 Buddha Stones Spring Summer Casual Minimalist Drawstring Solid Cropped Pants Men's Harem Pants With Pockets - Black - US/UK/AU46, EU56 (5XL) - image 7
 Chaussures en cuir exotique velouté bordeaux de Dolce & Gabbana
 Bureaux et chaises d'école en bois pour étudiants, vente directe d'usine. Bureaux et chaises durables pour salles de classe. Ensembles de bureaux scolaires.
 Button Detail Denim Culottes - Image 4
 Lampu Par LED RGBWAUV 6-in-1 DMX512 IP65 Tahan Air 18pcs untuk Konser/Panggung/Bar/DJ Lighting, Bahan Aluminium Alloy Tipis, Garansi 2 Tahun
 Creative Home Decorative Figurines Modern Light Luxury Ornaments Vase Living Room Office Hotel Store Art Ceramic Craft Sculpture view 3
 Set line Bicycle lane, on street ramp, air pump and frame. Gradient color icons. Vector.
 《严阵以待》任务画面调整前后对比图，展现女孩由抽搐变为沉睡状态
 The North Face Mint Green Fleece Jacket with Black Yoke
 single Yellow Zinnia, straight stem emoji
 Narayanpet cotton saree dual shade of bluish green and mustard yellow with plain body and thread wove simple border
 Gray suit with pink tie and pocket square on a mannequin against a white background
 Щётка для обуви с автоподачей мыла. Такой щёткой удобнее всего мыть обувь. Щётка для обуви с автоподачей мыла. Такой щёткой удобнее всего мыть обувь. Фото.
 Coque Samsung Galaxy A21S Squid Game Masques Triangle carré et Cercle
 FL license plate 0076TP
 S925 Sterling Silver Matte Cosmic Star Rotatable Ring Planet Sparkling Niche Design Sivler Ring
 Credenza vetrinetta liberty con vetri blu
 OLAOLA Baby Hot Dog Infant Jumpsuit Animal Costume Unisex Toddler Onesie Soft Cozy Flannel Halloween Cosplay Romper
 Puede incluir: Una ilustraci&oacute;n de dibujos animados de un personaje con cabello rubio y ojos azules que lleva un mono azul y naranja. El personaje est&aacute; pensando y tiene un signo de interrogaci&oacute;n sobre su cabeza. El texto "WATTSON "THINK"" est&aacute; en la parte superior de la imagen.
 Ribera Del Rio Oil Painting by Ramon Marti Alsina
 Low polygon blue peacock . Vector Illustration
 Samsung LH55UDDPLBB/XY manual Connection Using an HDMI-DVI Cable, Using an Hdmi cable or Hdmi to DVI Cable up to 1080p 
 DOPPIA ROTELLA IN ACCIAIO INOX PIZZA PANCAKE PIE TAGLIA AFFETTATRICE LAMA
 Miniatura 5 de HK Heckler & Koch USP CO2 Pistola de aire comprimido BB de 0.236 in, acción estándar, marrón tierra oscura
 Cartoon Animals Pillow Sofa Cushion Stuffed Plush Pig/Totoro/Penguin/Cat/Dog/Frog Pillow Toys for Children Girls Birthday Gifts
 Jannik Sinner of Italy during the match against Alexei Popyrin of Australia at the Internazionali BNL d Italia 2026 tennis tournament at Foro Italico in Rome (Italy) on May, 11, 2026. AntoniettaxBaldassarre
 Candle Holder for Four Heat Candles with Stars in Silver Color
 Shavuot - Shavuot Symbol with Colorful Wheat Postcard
○ ○ ○ ○ ○
* HOW TO COMPLETE THIS TASK: Begin at the line that has "Ribera Del Rio" in the entries above; stop after the line that has "DOPPIA ROTELLA IN". Transcribe exactly those lines and no others.

* FINISHED EXERCISE:
 Ribera Del Rio Oil Painting by Ramon Marti Alsina
 Low polygon blue peacock . Vector Illustration
 Samsung LH55UDDPLBB/XY manual Connection Using an HDMI-DVI Cable, Using an Hdmi cable or Hdmi to DVI Cable up to 1080p 
 DOPPIA ROTELLA IN ACCIAIO INOX PIZZA PANCAKE PIE TAGLIA AFFETTATRICE LAMA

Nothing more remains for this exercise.